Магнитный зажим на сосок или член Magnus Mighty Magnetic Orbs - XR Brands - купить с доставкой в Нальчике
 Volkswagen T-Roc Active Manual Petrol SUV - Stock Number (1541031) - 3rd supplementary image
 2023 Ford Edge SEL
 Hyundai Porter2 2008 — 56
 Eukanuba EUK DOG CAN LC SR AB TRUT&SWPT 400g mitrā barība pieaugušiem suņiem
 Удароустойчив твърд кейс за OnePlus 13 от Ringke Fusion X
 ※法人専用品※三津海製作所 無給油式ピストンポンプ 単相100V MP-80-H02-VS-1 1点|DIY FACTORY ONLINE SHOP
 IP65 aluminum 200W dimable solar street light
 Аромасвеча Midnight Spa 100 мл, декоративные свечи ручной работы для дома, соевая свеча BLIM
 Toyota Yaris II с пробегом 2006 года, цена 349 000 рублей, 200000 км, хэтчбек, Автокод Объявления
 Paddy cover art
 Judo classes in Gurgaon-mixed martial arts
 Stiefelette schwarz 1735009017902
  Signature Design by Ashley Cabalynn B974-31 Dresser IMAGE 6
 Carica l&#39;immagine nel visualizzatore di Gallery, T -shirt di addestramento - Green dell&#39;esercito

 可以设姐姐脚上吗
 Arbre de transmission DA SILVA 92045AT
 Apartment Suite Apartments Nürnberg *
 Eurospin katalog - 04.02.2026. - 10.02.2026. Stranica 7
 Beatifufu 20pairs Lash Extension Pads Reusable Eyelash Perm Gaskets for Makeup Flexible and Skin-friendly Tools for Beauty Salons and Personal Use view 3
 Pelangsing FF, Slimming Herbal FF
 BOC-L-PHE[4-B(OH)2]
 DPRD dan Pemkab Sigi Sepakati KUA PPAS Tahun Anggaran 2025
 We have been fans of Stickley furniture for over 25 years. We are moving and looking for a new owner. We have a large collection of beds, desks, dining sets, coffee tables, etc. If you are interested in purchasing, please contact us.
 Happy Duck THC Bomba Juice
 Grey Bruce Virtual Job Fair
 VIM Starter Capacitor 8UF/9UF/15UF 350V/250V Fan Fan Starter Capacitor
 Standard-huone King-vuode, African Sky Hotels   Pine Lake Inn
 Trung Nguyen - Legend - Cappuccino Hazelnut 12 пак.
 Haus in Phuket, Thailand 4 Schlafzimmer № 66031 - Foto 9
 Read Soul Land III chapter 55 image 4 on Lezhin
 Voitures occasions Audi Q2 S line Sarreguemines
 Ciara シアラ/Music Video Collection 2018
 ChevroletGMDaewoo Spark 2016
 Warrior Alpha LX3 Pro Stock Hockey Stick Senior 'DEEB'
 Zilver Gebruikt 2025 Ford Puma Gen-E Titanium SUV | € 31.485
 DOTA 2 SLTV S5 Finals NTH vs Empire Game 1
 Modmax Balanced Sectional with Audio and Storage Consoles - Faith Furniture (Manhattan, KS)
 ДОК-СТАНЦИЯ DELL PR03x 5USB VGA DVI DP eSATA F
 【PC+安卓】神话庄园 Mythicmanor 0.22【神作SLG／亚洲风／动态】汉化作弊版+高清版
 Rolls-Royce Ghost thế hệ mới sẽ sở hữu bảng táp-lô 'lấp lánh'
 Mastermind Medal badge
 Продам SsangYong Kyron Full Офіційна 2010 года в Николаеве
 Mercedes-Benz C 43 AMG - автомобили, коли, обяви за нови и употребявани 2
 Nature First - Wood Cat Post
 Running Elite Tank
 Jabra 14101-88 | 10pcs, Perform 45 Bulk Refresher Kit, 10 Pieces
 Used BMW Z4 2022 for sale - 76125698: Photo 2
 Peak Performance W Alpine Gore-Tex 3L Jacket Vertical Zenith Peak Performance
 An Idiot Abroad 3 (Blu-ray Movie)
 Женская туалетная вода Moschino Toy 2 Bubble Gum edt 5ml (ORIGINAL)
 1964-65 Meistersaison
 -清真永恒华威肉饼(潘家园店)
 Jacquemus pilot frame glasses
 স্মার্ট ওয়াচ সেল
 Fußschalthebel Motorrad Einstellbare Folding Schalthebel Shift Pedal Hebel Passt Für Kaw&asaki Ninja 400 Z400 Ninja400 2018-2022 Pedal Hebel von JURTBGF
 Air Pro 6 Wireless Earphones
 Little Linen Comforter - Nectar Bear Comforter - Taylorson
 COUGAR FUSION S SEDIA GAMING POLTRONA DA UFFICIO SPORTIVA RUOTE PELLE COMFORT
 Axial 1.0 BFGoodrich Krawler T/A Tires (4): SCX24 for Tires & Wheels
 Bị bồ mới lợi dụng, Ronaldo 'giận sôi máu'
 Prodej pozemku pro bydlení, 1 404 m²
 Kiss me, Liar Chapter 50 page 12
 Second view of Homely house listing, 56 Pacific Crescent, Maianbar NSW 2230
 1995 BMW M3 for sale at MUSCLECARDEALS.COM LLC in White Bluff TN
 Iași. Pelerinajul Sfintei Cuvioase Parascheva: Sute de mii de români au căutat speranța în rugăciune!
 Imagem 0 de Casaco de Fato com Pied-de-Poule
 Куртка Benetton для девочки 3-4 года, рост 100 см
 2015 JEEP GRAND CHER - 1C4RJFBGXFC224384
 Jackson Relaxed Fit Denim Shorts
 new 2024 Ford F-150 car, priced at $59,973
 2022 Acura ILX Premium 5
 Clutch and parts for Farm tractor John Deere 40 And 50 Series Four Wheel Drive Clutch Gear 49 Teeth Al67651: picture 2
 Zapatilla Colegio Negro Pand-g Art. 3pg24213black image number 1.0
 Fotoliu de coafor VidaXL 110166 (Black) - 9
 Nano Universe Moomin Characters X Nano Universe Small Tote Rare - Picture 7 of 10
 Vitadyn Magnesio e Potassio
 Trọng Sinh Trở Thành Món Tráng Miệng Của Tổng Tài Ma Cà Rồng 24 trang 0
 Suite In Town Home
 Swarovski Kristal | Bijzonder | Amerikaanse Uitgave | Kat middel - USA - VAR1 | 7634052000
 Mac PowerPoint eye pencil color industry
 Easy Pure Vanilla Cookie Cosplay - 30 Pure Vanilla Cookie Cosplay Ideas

## Aim of the task
Above are the records; copy exactly the lines from the line with "Nature First - Wood Cat Post" through the line with "1995 BMW M3", both included.

## Written solution
 Nature First - Wood Cat Post
 Running Elite Tank
 Jabra 14101-88 | 10pcs, Perform 45 Bulk Refresher Kit, 10 Pieces
 Used BMW Z4 2022 for sale - 76125698: Photo 2
 Peak Performance W Alpine Gore-Tex 3L Jacket Vertical Zenith Peak Performance
 An Idiot Abroad 3 (Blu-ray Movie)
 Женская туалетная вода Moschino Toy 2 Bubble Gum edt 5ml (ORIGINAL)
 1964-65 Meistersaison
 -清真永恒华威肉饼(潘家园店)
 Jacquemus pilot frame glasses
 স্মার্ট ওয়াচ সেল
 Fußschalthebel Motorrad Einstellbare Folding Schalthebel Shift Pedal Hebel Passt Für Kaw&asaki Ninja 400 Z400 Ninja400 2018-2022 Pedal Hebel von JURTBGF
 Air Pro 6 Wireless Earphones
 Little Linen Comforter - Nectar Bear Comforter - Taylorson
 COUGAR FUSION S SEDIA GAMING POLTRONA DA UFFICIO SPORTIVA RUOTE PELLE COMFORT
 Axial 1.0 BFGoodrich Krawler T/A Tires (4): SCX24 for Tires & Wheels
 Bị bồ mới lợi dụng, Ronaldo 'giận sôi máu'
 Prodej pozemku pro bydlení, 1 404 m²
 Kiss me, Liar Chapter 50 page 12
 Second view of Homely house listing, 56 Pacific Crescent, Maianbar NSW 2230
 1995 BMW M3 for sale at MUSCLECARDEALS.COM LLC in White Bluff TN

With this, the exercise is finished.